Input records.
━━━━
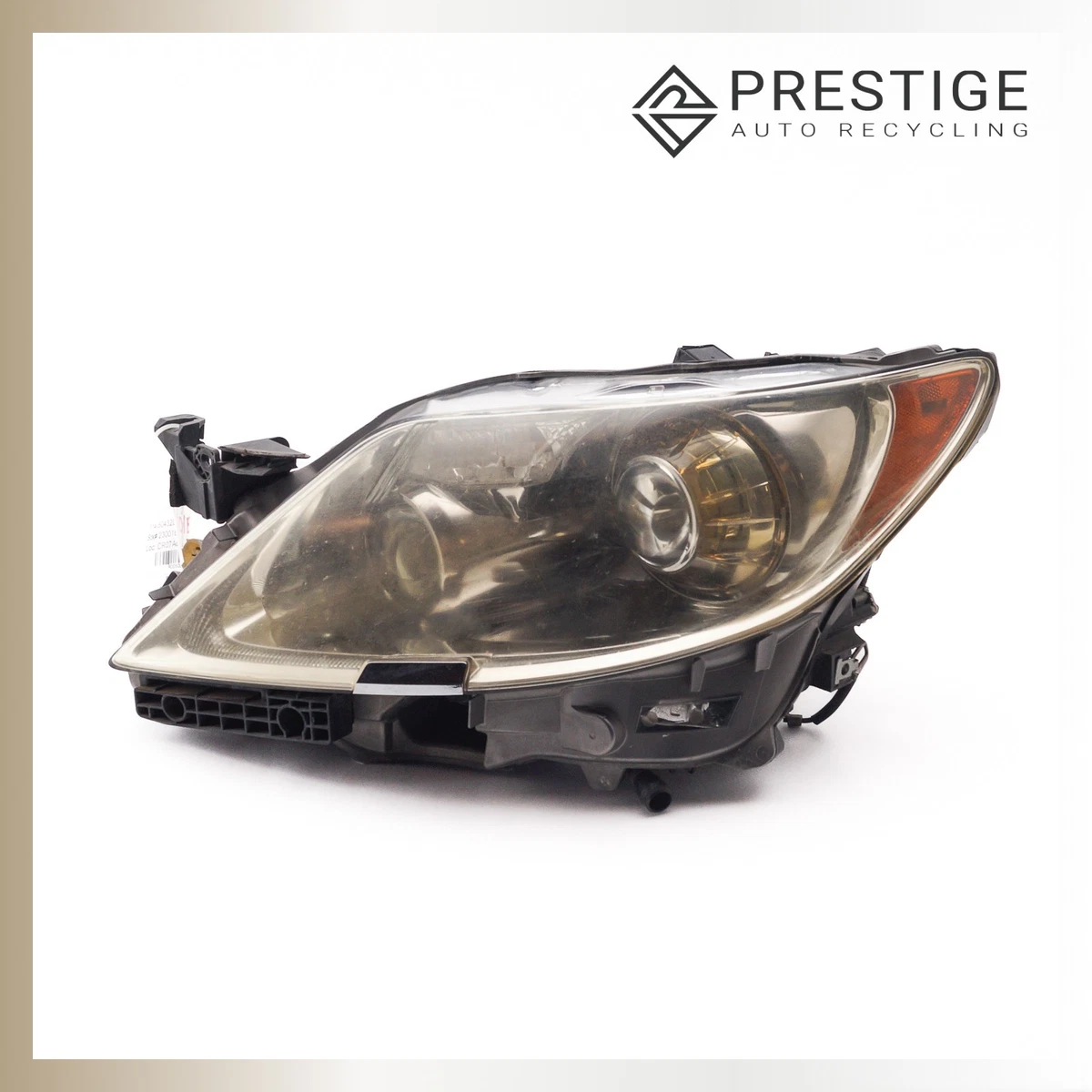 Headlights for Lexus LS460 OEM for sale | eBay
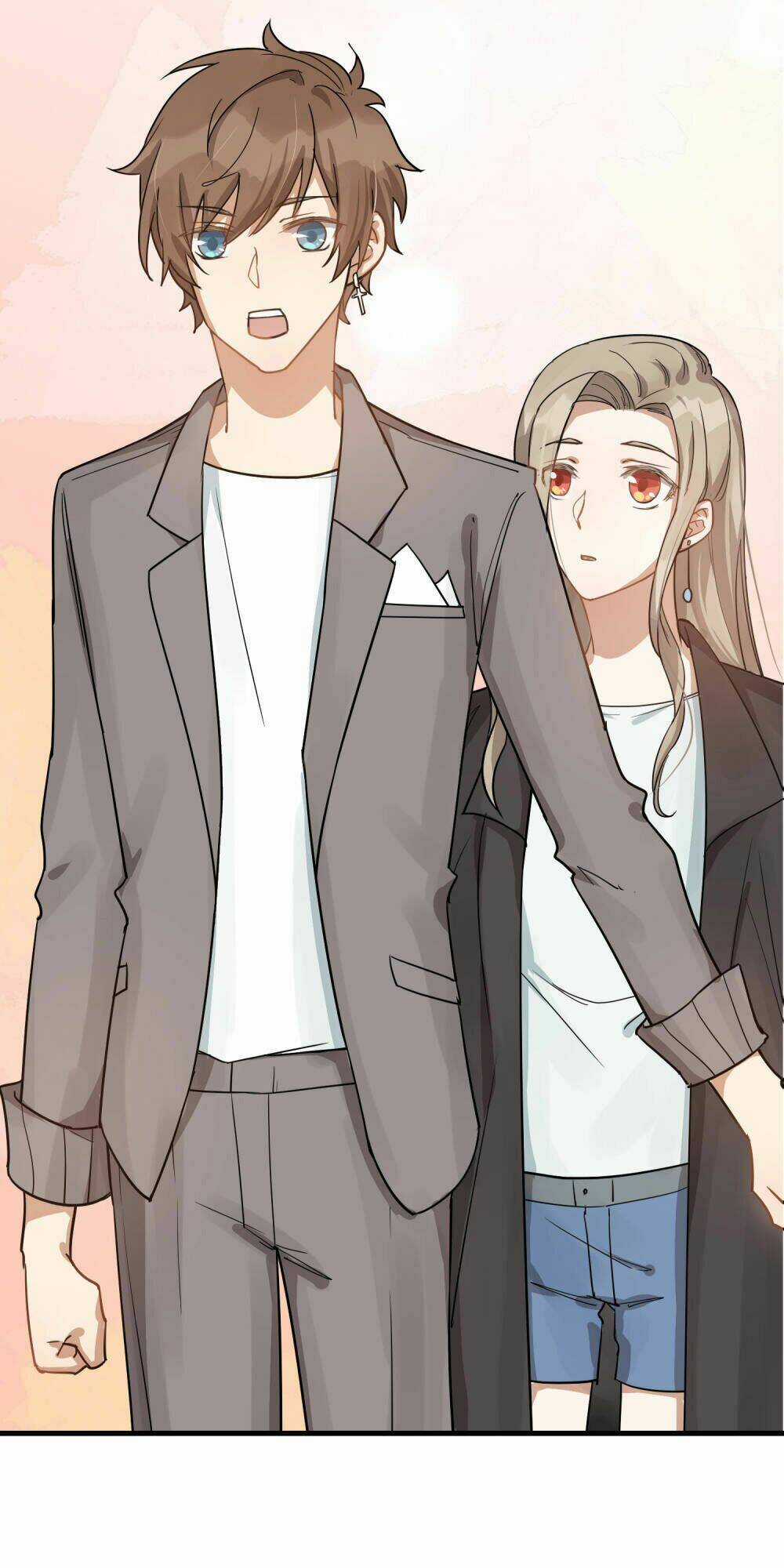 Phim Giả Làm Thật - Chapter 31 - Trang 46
━━━━
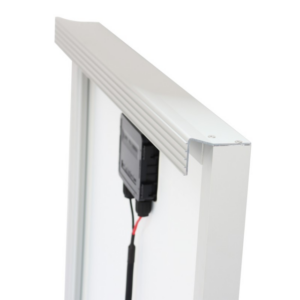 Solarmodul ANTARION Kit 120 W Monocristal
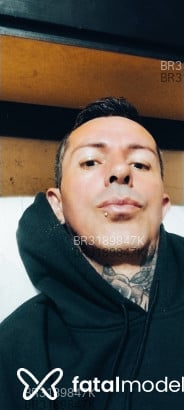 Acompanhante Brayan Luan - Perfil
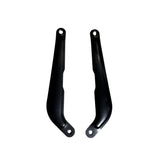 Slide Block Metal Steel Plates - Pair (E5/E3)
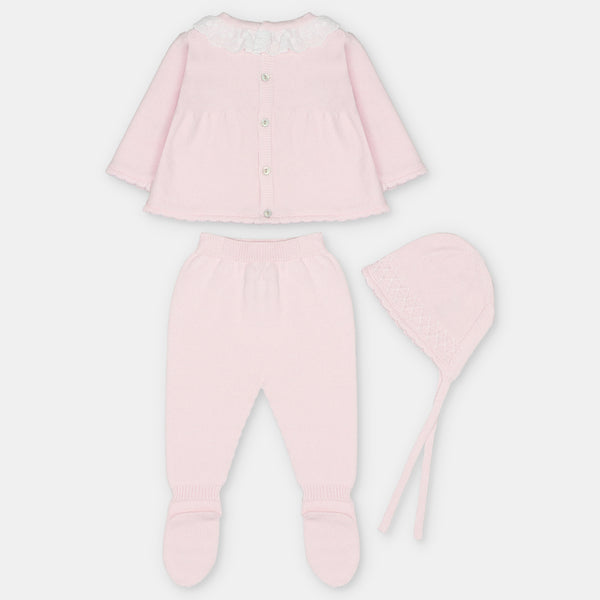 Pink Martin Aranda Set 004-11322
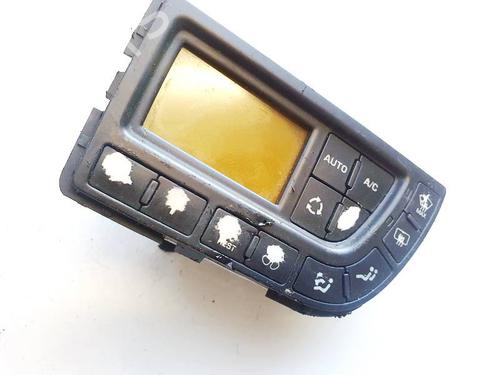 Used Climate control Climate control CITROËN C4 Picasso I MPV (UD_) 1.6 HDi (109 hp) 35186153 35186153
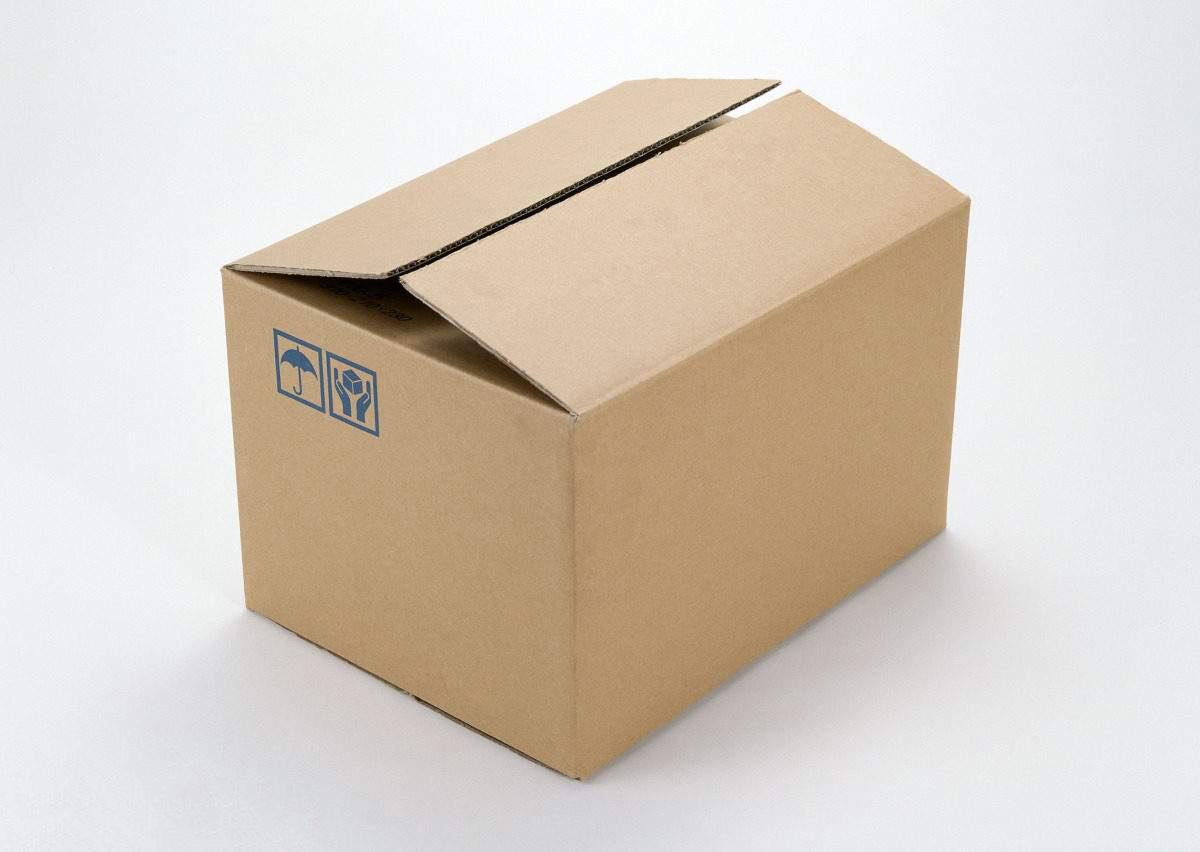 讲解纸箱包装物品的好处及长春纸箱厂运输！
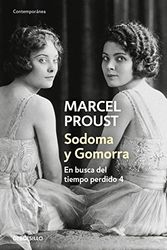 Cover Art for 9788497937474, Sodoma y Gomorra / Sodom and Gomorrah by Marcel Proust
━━━━
Exercise directions.
What you return must match, character for character, the lines above from the one with "Acompanhante Brayan Luan - Perfil" through the one with "Cover Art for", minus any pictures.

Output for this exercise.
 Acompanhante Brayan Luan - Perfil
 Slide Block Metal Steel Plates - Pair (E5/E3)
 Pink Martin Aranda Set 004-11322
 Used Climate control Climate control CITROËN C4 Picasso I MPV (UD_) 1.6 HDi (109 hp) 35186153 35186153
 讲解纸箱包装物品的好处及长春纸箱厂运输！
 Cover Art for 9788497937474, Sodoma y Gomorra / Sodom and Gomorrah by Marcel Proust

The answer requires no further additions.